Lula também abordou a guerra na Ucrânia, reconhecendo o erro inicial da Rússia, mas responsabilizando os Estados Unidos e a Europa pela escalada do conflito. A visita recente a Moscou, segundo ele, teve como objetivo prestar homenagem às vítimas soviéticas da Segunda Guerra Mundial e reiterar a disposição do Brasil de manter relações com todos os blocos de poder.
A crítica ao funcionamento da ONU foi direta. O presidente apontou a paralisia do organismo diante de crises humanitárias e defendeu a ampliação do reconhecimento do Estado palestino. “O mundo precisa de uma nova governança”, disse, ecoando um tema que tem ganhado força no Sul Global: a necessidade de reformar instituições criadas sob a hegemonia do pós-guerra.
BRICS e o dólar como arma
Lula também comentou o papel do BRICS na reorganização econômica mundial. Disse que o grupo não tem inimigos, apenas busca desenvolvimento justo e relações comerciais equilibradas. Ao ser questionado sobre as ameaças de Donald Trump, que prometeu aplicar tarifas de 100% a países que deixarem de usar o dólar em suas transações, Lula foi categórico: “Não assusta ninguém. Não vamos pedir autorização a Washington para escolher a moeda que julgarmos mais apropriada para nossos intercâmbios.”
A fala é um recado claro aos Estados Unidos e à ortodoxia financeira global, que vê no dólar não apenas uma moeda, mas uma arma de controle geopolítico. Para o Brasil, liderar ou influenciar um movimento em direção a moedas alternativas pode ser chave para uma política externa que visa autonomia e influência no cenário multipolar emergente.
O Carioca Esclarece
Por que Lula voltou a falar da extrema-direita agora?
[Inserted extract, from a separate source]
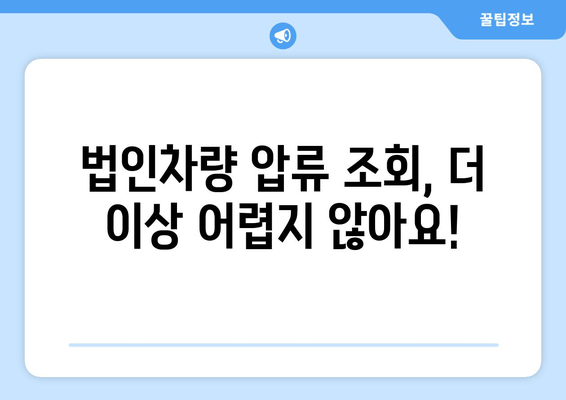 법인차량 압류 여부 간편 조회| 3단계 확인으로 빠르게 알아보세요 | 법인차량, 압류 조회, 자동차, 법률 정보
A declaração reforça o início simbólico da disputa por 2026 e antecipa o tom de enfrentamento com os setores que tentam desestabilizar seu governo. Ao se colocar como barreira ao retorno da extrema-direita, Lula também convoca o eleitorado progressista a se mobilizar.
O que significa dizer que Israel comete genocídio?
Lula adota o termo para denunciar o uso desproporcional da força por Israel contra a população civil de Gaza. A fala desafia a narrativa dominante no Ocidente e posiciona o Brasil ao lado de países que pedem responsabilização internacional por crimes de guerra.
Explorar petróleo e proteger o clima: é possível?
Segundo Lula, sim. Mas especialistas divergem. A promessa de financiar a transição energética com petróleo é vista como contraditória por ambientalistas. O poço na Margem Equatorial é símbolo dessa disputa entre pragmatismo e coerência ecológica.